Tarih: 30.06.2025 00:38

Şeyh Said Hazretleri şehadetinin 100'üncü yılında Diyarbakır'da yad edildi

Facebook Twitter Linked-in

29 Haziran 1925 tarihinde 47 arkadaşıyla beraber idam edilerek şehid edilen Şeyh Said Hazretleri şehadetinin üzerinden 100 yıl geçti. Şehadetinin yıl dönümünde şehid edildiği Şeyh Said Meydanında Mustazaflar Cemiyeti ve Şehitler Kervanı Platformu Şeyh Said'i anma etkinliği gerçekleştirdi.

Diyarbakır merkez Sur ilçesi Şeyh Said Meydanında Cihat Kaplan ve Abdusselam Şanlı'nın sunuculuğunda düzenlenen program, Hafız Ömer Akgül'ün Kur'an-ı Kerim tilavetiyle başladı.

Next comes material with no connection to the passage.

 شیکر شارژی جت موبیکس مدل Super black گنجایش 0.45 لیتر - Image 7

Özlem Ajans ilahi ses sanatçılarının Şeyh Said Hazretlerine ithafen bestelenen ilahi ve ezgileri seslendirmesiyle devam eden programda konuşan HÜDA PAR Mersin Milletvekili Faruk Dinç, günün anlam ve önemine ilişkin bir konuşma yaptı.

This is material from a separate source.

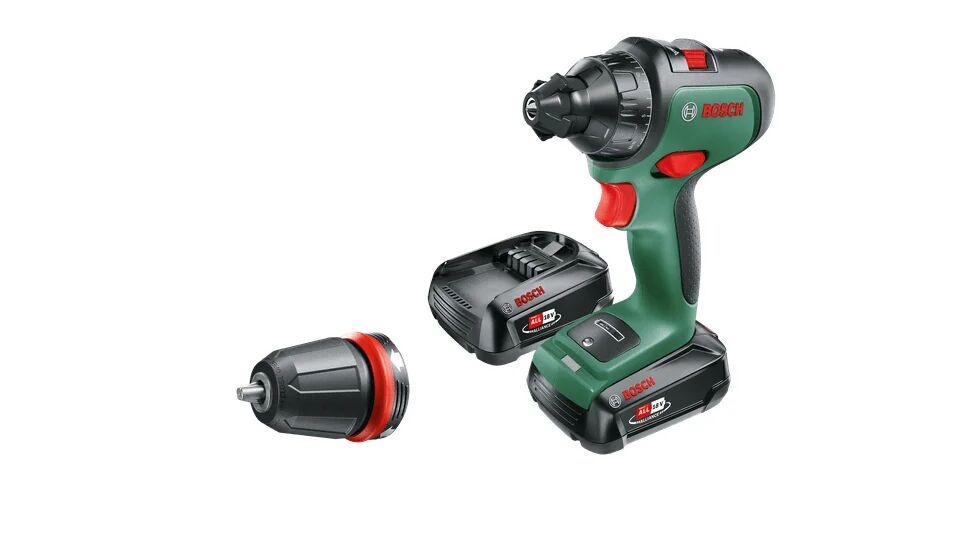 Bosch Trapano  AdvancedDrill 18 1350 Giri/min Senza chiave 1 kg Nero, Verde [06039B5006]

"Türk-Kürt İslam kardeşliği yerine Türk ulusçuluğu, Batıcılık, laiklik öne çıkarıldı"

Konuşmasında Şeyh Said Hazretlerinin davasına vurgu yapan Milletvekili Dinç, o gün Şeyh Said'e atılan iftiralar ile günümüzde İslam'a yapılan saldırı ve oluşturulmaya çalışılan algı operasyonlarına dikkat çekti.

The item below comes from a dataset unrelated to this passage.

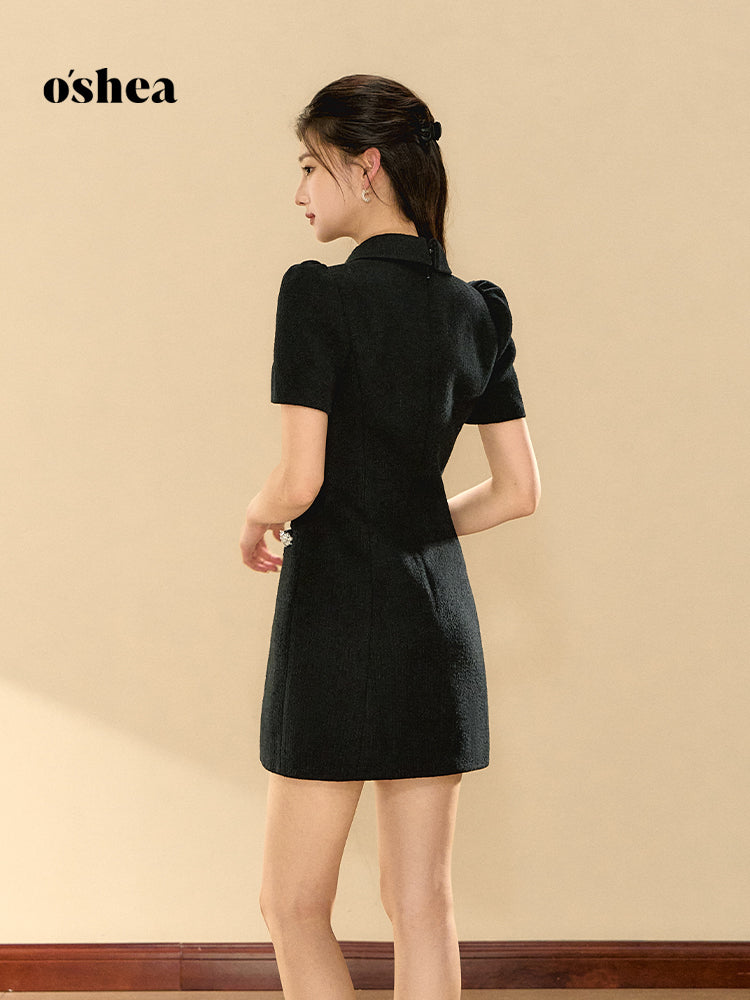 OShea Black sparkling diamond dress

100 yıl önce bu meydanda Şeyh Said ve 46 arkadaşının şehid olduğunu vurgulayan Dinç, "İzzetli ve onurluca aziz İslam'a teslim bir şekilde şehid oldular, zillet içerisinde kalmadılar. Çünkü onlar yerin ve göğün sahibi olan Allah'a iman etmişlerdi. Şeyh Said yaşına rağmen 'öylesine bir kıyam edeyim' demedi. Çünkü o zamanlar İslam'a, mukaddesatlara düşmanlık vardı. Tanzimat Fermanı'ndan sonra artık Türk-Kürt İslam kardeşliği yerine Türk ulusçuluğu, Batıcılık, laiklik öne çıkarılıyordu. İngiliz, Fransız ve Yunanlılar; modern ordularına rağmen Müslüman halk olduğu müddetçe galip gelemeyeceklerini biliyorlardı. Çünkü Müslüman halk, kazma-kürek ve sopalarla düşmanın karşısına çıkıyor, geçit vermiyordu." dedi.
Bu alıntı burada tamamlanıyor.